--- EXERCISE INPUT Enclosed Below ---
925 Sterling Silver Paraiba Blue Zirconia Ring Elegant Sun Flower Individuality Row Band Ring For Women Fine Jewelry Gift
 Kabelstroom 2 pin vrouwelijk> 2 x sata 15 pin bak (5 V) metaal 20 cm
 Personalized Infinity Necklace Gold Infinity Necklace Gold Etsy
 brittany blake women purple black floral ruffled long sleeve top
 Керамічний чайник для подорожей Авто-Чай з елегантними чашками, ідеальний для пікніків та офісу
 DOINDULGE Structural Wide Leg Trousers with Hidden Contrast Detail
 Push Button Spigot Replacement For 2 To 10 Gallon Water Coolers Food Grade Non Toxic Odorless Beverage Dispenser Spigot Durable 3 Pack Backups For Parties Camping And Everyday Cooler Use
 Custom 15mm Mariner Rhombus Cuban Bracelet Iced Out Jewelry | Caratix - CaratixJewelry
--- End of Enclosed EXERCISE INPUT ---
## GOAL OF THE EXERCISE
Tally the lines in the records that contain "Jewelry", then give only the tally.

## FINISHED EXERCISE
2